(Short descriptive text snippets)
========================================

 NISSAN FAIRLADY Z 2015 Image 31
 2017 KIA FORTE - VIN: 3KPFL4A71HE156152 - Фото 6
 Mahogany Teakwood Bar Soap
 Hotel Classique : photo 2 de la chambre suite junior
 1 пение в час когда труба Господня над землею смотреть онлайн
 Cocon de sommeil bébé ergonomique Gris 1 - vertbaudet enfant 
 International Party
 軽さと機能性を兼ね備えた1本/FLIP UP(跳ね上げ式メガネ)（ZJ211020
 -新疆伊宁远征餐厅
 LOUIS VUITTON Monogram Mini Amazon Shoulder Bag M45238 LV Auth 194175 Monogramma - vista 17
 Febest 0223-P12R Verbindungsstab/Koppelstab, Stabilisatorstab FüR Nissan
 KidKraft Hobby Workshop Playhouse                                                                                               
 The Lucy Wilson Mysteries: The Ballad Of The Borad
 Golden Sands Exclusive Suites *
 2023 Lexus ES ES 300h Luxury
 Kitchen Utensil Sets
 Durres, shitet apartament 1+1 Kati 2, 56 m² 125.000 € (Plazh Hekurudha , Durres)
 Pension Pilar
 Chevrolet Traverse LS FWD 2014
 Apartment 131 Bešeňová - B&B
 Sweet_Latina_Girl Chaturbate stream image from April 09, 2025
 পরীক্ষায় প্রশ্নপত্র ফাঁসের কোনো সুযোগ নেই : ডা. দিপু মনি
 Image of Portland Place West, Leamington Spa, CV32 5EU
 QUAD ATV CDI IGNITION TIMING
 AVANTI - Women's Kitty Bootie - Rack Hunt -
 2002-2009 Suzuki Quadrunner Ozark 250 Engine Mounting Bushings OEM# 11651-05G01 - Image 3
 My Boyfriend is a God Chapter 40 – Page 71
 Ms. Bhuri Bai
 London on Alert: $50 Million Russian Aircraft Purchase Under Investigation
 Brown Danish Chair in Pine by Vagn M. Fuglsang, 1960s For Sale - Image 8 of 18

========================================

Requirement> Copy out the data shown above without altering anything.

Written solution>
 NISSAN FAIRLADY Z 2015 Image 31
 2017 KIA FORTE - VIN: 3KPFL4A71HE156152 - Фото 6
 Mahogany Teakwood Bar Soap
 Hotel Classique : photo 2 de la chambre suite junior
 1 пение в час когда труба Господня над землею смотреть онлайн
 Cocon de sommeil bébé ergonomique Gris 1 - vertbaudet enfant 
 International Party
 軽さと機能性を兼ね備えた1本/FLIP UP(跳ね上げ式メガネ)（ZJ211020
 -新疆伊宁远征餐厅
 LOUIS VUITTON Monogram Mini Amazon Shoulder Bag M45238 LV Auth 194175 Monogramma - vista 17
 Febest 0223-P12R Verbindungsstab/Koppelstab, Stabilisatorstab FüR Nissan
 KidKraft Hobby Workshop Playhouse                                                                                               
 The Lucy Wilson Mysteries: The Ballad Of The Borad
 Golden Sands Exclusive Suites *
 2023 Lexus ES ES 300h Luxury
 Kitchen Utensil Sets
 Durres, shitet apartament 1+1 Kati 2, 56 m² 125.000 € (Plazh Hekurudha , Durres)
 Pension Pilar
 Chevrolet Traverse LS FWD 2014
 Apartment 131 Bešeňová - B&B
 Sweet_Latina_Girl Chaturbate stream image from April 09, 2025
 পরীক্ষায় প্রশ্নপত্র ফাঁসের কোনো সুযোগ নেই : ডা. দিপু মনি
 Image of Portland Place West, Leamington Spa, CV32 5EU
 QUAD ATV CDI IGNITION TIMING
 AVANTI - Women's Kitty Bootie - Rack Hunt -
 2002-2009 Suzuki Quadrunner Ozark 250 Engine Mounting Bushings OEM# 11651-05G01 - Image 3
 My Boyfriend is a God Chapter 40 – Page 71
 Ms. Bhuri Bai
 London on Alert: $50 Million Russian Aircraft Purchase Under Investigation
 Brown Danish Chair in Pine by Vagn M. Fuglsang, 1960s For Sale - Image 8 of 18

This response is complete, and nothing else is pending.